Ebola : la lutte continue


13 Novembre 2014

Les frères hospitaliers de Saint Jean de Dieu continuent leur lutte contre le virus Ebola et ont plus que jamais besoin de votre aide !

Les frères de l’Ordre hospitalier de Saint Jean de Dieu ont exprimé leur reconnaissance, au cours de la dernière assemblée des supérieurs majeurs à Rome, pour les multiples soutiens reçus à l’occasion du décès de 4 de leurs membres et de 15 collaborateurs laïcs en Sierra Leone et au Liberia, en août et septembre derniers.
Les frères hospitaliers continuent de chercher des réponses adéquates pour rouvrir leurs 2 hôpitaux, toujours fermés. Trois frères se sont déjà portés volontaires pour reconstituer la communauté de Monrovia, décimée par le virus. Mais d’autres conditions sont à réunir, parmi lesquelles celle de pouvoir compter sur une politique sanitaire des états concernés, qui soit plus sécuritaire. Il faut aussi aussi procéder à la décontamination des hôpitaux et rassurer les populations locales en leur permettant de revenir sans crainte dans les hôpitaux pour se faire soigner. Car le côté dramatique de la situation actuelle est non seulement celle ces personnes infectées par le virus Ebola, mais aussi celle de tant de personnes malades qui auraient besoin de soins, d’être hospitalisées pour être opérées ou même tout simplement pour les femmes pour pouvoir accoucher dans de bonnes conditions et qui ne le peuvent pas du fait de la fermeture des structures hospitalières et par peur de contracter Ebola au contact d’autres malades.

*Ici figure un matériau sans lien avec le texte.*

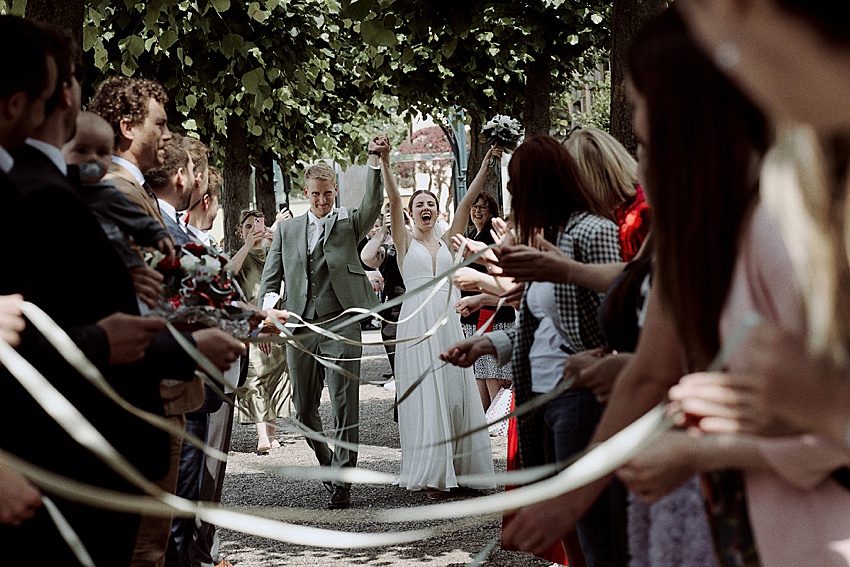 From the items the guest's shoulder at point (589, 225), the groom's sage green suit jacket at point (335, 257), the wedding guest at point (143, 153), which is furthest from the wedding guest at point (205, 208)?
the guest's shoulder at point (589, 225)

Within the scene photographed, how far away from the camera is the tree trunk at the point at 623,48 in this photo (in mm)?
6504

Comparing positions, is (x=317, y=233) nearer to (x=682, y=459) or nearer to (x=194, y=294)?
(x=194, y=294)

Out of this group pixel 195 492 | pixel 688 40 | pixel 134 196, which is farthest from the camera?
pixel 195 492

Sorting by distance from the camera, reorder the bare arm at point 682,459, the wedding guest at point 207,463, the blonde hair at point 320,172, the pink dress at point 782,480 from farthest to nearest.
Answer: the blonde hair at point 320,172
the wedding guest at point 207,463
the bare arm at point 682,459
the pink dress at point 782,480

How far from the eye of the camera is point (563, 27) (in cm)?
1234

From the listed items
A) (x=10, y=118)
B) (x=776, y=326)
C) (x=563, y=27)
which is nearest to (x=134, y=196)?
(x=10, y=118)

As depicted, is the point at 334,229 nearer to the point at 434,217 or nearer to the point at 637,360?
the point at 434,217

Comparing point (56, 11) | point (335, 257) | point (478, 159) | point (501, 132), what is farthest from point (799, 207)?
point (478, 159)

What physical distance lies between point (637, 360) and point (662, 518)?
1.82 ft

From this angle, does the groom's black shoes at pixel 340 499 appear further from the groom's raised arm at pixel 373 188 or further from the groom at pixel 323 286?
the groom's raised arm at pixel 373 188

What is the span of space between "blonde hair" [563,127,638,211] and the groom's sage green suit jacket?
13.6 feet

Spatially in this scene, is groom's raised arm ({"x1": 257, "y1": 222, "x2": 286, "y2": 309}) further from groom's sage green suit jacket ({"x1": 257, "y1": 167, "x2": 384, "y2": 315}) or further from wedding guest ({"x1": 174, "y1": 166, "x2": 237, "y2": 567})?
wedding guest ({"x1": 174, "y1": 166, "x2": 237, "y2": 567})

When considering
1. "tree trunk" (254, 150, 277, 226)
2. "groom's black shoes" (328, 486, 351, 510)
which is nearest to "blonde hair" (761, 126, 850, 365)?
"groom's black shoes" (328, 486, 351, 510)

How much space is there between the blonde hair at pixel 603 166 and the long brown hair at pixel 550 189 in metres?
0.09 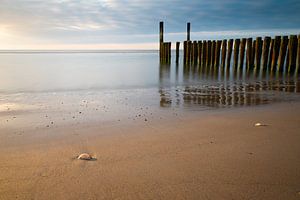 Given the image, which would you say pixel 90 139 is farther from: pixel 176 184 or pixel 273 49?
pixel 273 49

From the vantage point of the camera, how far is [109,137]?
356 centimetres

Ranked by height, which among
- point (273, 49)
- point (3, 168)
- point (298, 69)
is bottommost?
point (3, 168)

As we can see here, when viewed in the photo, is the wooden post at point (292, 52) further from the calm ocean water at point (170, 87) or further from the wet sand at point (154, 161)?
the wet sand at point (154, 161)

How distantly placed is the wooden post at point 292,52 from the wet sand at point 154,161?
11236mm

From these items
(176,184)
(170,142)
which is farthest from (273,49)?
(176,184)

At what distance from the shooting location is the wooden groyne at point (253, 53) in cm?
1444

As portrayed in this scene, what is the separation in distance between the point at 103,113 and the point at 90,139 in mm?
1687

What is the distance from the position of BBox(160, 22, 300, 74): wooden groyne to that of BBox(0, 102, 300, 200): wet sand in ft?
38.0

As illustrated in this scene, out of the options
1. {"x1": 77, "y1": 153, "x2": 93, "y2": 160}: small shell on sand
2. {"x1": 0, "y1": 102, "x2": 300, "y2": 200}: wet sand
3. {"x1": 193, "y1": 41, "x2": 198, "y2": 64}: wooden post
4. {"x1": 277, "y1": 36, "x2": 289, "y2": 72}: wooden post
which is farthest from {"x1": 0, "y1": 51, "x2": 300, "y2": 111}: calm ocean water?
{"x1": 193, "y1": 41, "x2": 198, "y2": 64}: wooden post

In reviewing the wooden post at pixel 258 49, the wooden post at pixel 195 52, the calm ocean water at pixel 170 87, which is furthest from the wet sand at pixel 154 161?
the wooden post at pixel 195 52

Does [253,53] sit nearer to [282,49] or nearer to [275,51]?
[275,51]

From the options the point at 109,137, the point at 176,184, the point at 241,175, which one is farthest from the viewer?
the point at 109,137

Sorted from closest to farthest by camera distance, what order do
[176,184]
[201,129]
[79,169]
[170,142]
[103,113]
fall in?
[176,184]
[79,169]
[170,142]
[201,129]
[103,113]

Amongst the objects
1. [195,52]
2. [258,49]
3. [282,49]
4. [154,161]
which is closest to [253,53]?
[258,49] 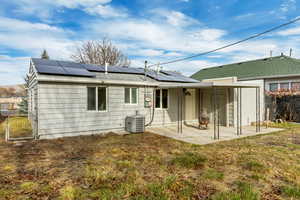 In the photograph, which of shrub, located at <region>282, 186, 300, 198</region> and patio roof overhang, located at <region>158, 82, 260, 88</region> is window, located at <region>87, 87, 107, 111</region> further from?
shrub, located at <region>282, 186, 300, 198</region>

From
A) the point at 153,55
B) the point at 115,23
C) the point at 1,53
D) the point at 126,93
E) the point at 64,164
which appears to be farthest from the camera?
the point at 153,55

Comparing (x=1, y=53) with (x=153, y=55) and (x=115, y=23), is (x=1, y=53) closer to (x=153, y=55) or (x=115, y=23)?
(x=115, y=23)

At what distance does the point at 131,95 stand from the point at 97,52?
17585 mm

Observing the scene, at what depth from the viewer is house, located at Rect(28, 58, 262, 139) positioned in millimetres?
6562

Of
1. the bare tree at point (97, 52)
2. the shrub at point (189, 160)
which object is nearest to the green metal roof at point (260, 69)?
the shrub at point (189, 160)

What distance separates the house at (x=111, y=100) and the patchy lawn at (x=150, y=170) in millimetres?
1287

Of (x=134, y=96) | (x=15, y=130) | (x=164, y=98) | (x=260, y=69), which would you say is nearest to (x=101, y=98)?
(x=134, y=96)

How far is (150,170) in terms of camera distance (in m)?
3.78

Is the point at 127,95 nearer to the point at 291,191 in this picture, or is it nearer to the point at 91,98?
the point at 91,98

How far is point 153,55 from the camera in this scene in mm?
18547

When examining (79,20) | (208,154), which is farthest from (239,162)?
(79,20)

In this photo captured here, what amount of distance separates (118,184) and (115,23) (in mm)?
11806

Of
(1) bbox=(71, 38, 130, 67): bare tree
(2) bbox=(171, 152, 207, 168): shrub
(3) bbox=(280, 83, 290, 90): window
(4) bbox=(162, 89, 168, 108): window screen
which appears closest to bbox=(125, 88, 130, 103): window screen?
(4) bbox=(162, 89, 168, 108): window screen

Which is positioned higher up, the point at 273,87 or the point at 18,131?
the point at 273,87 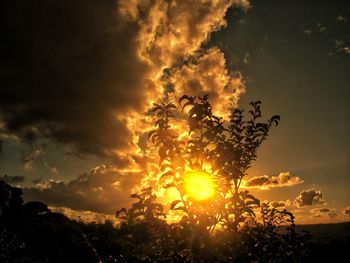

L’Ordre hospitalier assure par ailleurs le salaire des personnels des deux hôpitaux fermés afin qu’à un drame sanitaire ne s’ajoute pas une misère sociale. A ce jour, le siège de l’Ordre à Rome a reçu 1.091.141,97 €, lui permettant jusqu’à aujourd’hui de faire face à la situation. Toutefois si celle-ci ne s’améliore pas, cette somme restera bien en-deçà de ce qui sera nécessaire.

Actuellement, 7 frères de la communauté de Lunsar en Sierra-Leone, bien que ne pouvant pas exercer comme soignants du fait de la fermeture de l’hôpital, portent secours aux personnes mises en quarantaine du virus Ebola. Souvent ces personnes sont exclues de leur milieu familial et/ou social et ne bénéficient plus de l’aide de leur entourage pour pouvoir se nourrir. Les frères hospitaliers ont donc constitué une banque alimentaire et tandis que certains d’entre eux distribuent des paniers repas et de l’eau, les autres se préoccupent de constituer et de gérer les stocks, tandis que d’autres encore se sont chargés de parcourir les quartiers de la ville pour recenser et rassembler les personnes rejetées pour cause de mise en quarantaine.

Outre sa volonté de pouvoir rouvrir ses hôpitaux fermés, l’Ordre hospitalier a pris également des mesures de protection pour les autres hôpitaux généraux qu’il gère dans les pays limitrophes tels qu’au Sénégal, au Togo et au Bénin. Des containers de tenues de protection (masques, lunettes, gants, tabliers, cagoules, bottes…) et de produits sanitaires et d’hygiène ont été expédiés dans ces différents hôpitaux. Les personnels sont actuellement formés et informés sur le mode de propagation du virus, les moyens de se protéger et les soins à porter aux personnes infectées. Des chambres ont d’ores et déjà été préparées et aménagées pour faire face à l’épidémie pour le cas où Ebola franchirait les frontières.

"Nous rendons grâce au Seigneur de tout ce qui a déjà pu être fait grâce aux dons reçus, souligne Frère Alain-Samuel Jeancler, supérieur provincial de France, et le prions avec ferveur pour qu’Ebola redevienne la rivière tranquille qu’elle était à l’origine avant d’être associée à ce terrible virus qui décime les populations, fragilise les professions de santé et dénature la relation du soin enfermant le malade dans sa fièvre hémorragique pour mieux s’en protéger soi-même."